THE LADY OF THE LYRICS
She is eclipsed, or gone, or in hiding. But the sixteenth century took her for granted as the object of song; she was a class, a state, a sex. It was scarcely necessary to waste the lyrist’s time—time that went so gaily to metre as not to brook delays—in making her out too clearly. She had no more of what later times call individuality than has the rose, her rival, her foil when she was kinder, her superior when she was cruel, her ever fresh and ever conventional paragon. She needed not to be devised or divined; she was ready. A merry heart goes all the day; the lyrist’s never grew weary. Honest men never grow tired of bread or of any other daily things whereof the sweetness is in their own simplicity.
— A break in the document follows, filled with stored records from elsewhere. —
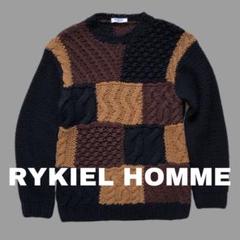 良デザイン◎ OLD ソニアリキエル HOMME ニット シャツ DM1083 良デザイン◎ OLD ソニアリキエル HOMME ニット シャツ DM1083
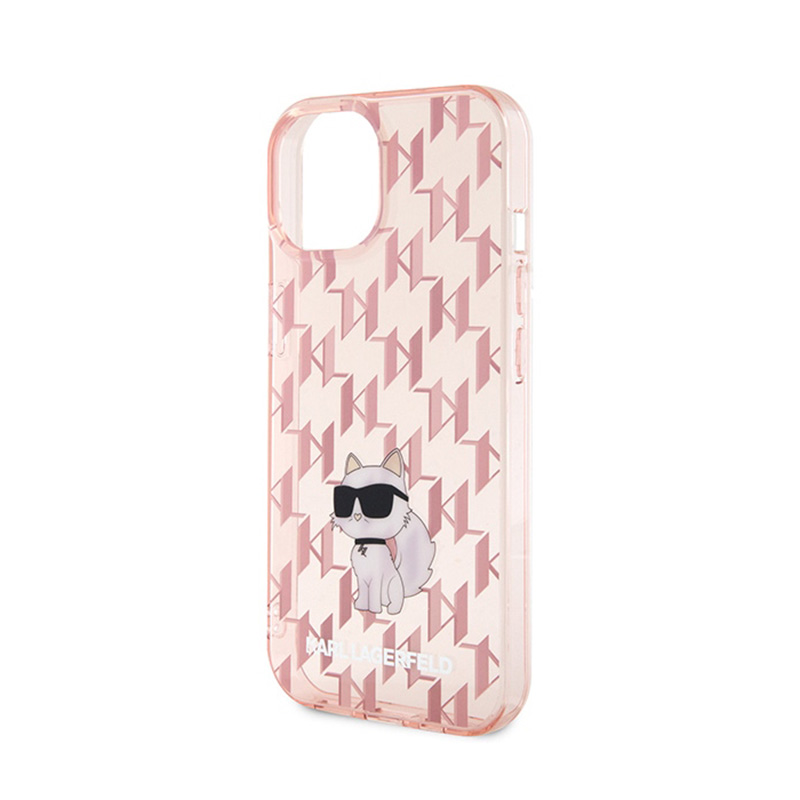 Karl Lagerfeld Monogram Choupette - Etui iPhone 15 (różowy)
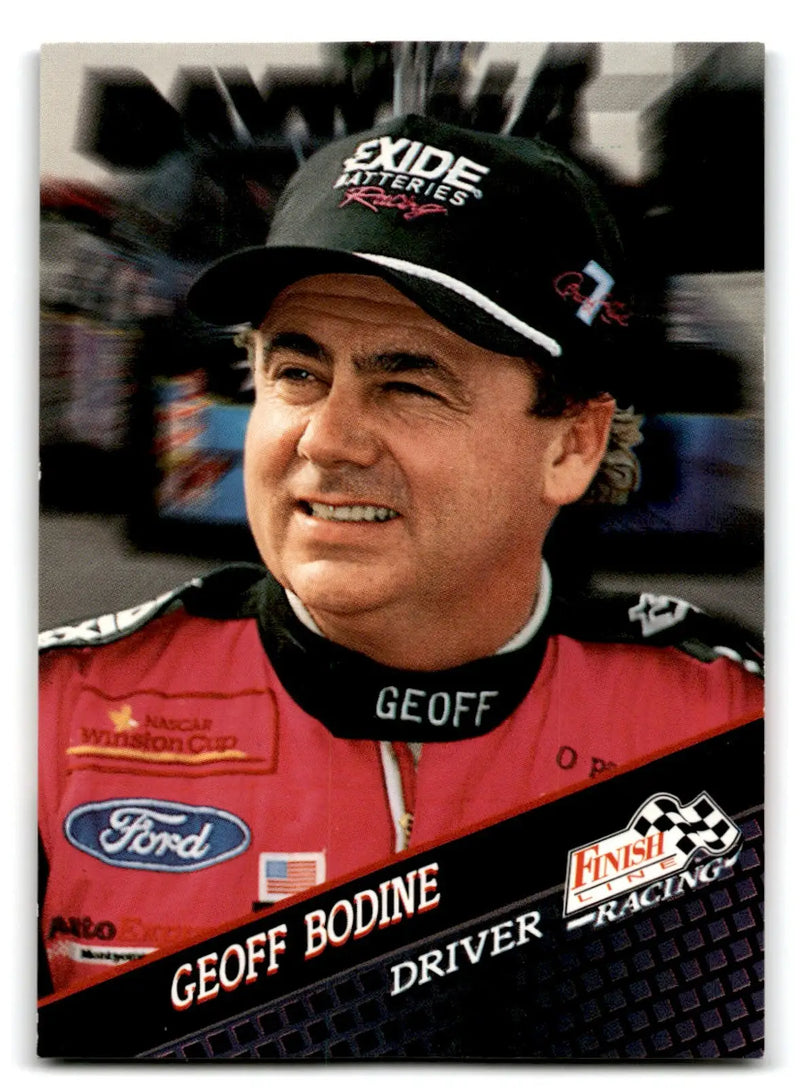 NASCAR trading card featuring Geoff Bodine from 1994 Finish Line Racing series
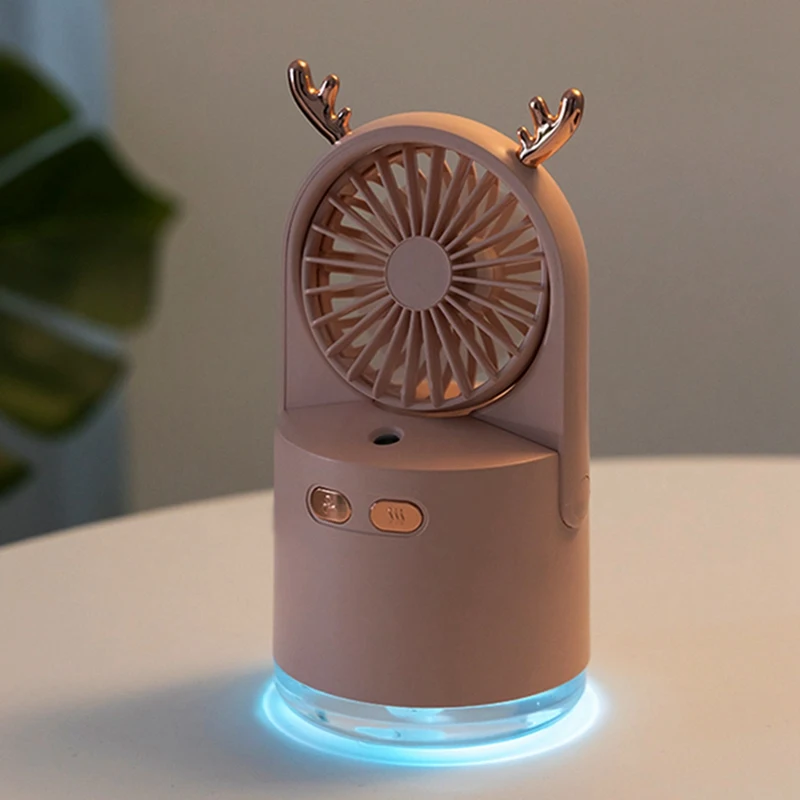 

2set Portable USB Fan with Air Diffuser Cooler Mini Fan Desk Desktop Fan Humidifier Green & Pink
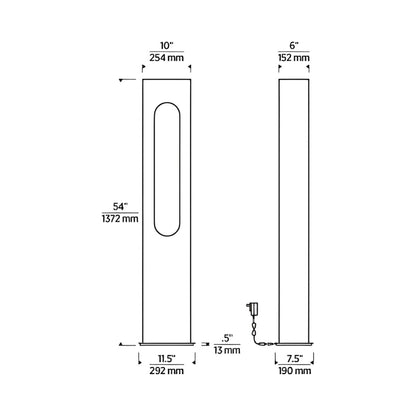 Shielded LED Floor Lamp - line drawing.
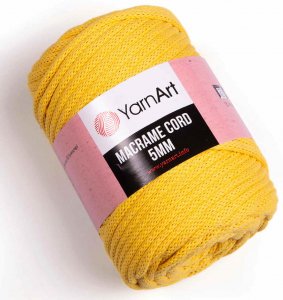 Пряжа YarnArt Macrame cord 5mm жёлтый (764), 60%хлопок/40%полиэстер/вискоза, 85м, 500г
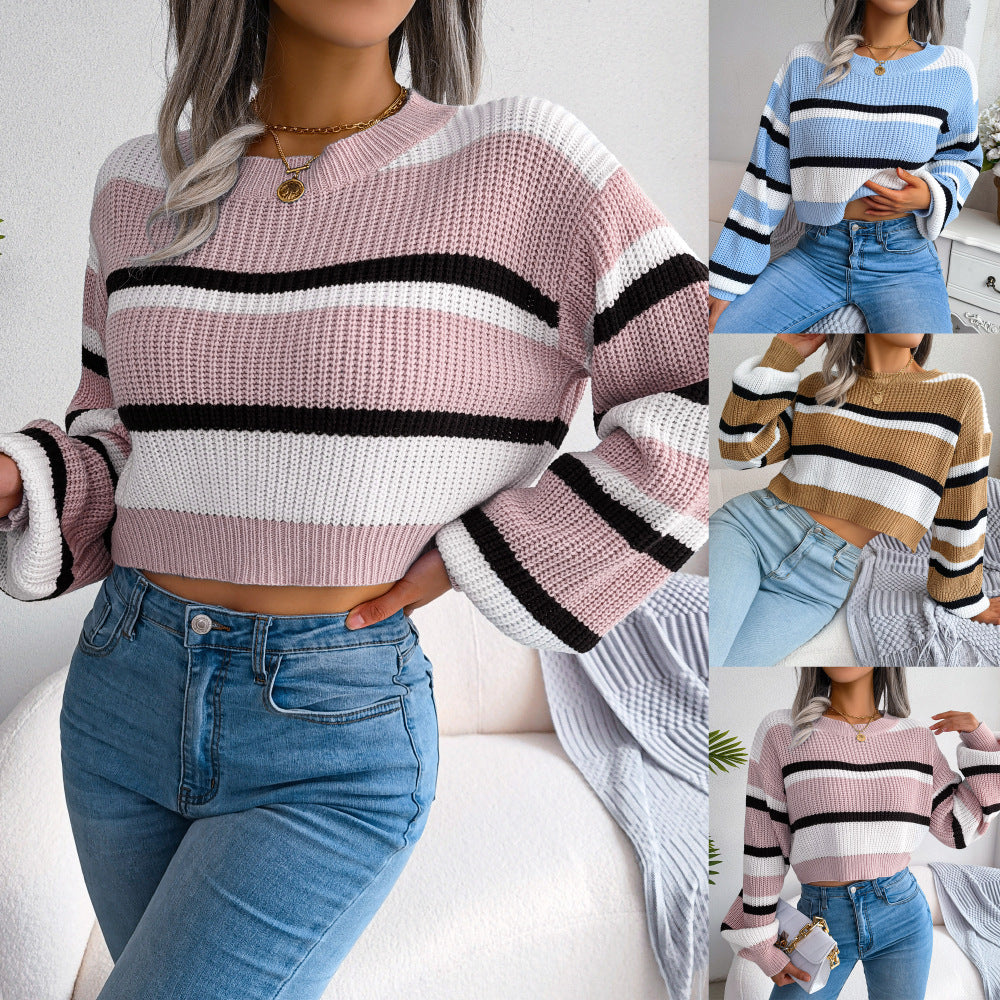 Autumn Winter Leisure Striped Long Sleeves Cropped Knitted Sweater Women Clothing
The lady of the lyrics was not loved in mortal earnest, and her punishment now and then for her ingratitude was to be told that she was loved in jest. She did not love; her fancy was fickle; she was not moved by long service, which, by the way, was evidently to be taken for granted precisely like the whole long past of a dream. She had not a good temper. When the poet groans it seems that she has laughed at him; when he flouts her, we may understand that she has chidden her lyrist in no temperate terms. In doing this she has sinned not so much against him as against Love. With that she is perpetually reproved. The lyrist complains to Love, pities Love for her scorning, and threatens to go away with Love, who is on his side. The sweetest verse is tuned to love when the loved one proves worthy.
There is no record of success for this policy. She goes on dancing or scolding, as the case may be, and the lyrist goes on boasting of his constancy, or suddenly renounces it for a day. The situation has variants, but no surprise or ending. The lover’s convention is explicit enough, but it might puzzle a reader to account for the lady’s. Pride in her beauty, at any rate, is hers—pride so great that she cannot bring herself to perceive the shortness of her day. She is so unobservant as to need to be told that life is brief, and youth briefer than life; that the rose fades, and so forth.
Now we need not assume that the lady of the lyrics ever lived. But taking her as the perfectly unanimous conception of the lyrists, how is it she did not discover these things unaided? Why does the lover invariably imagine her with a mind intensely irritable under his own praise and poetry? Obviously we cannot have her explanation of any of these matters. Why do the poets so much lament the absence of truth in one whose truth would be of little moment? And why was the convention so pleasant, among all others, as to occupy a whole age—nay, two great ages—of literature?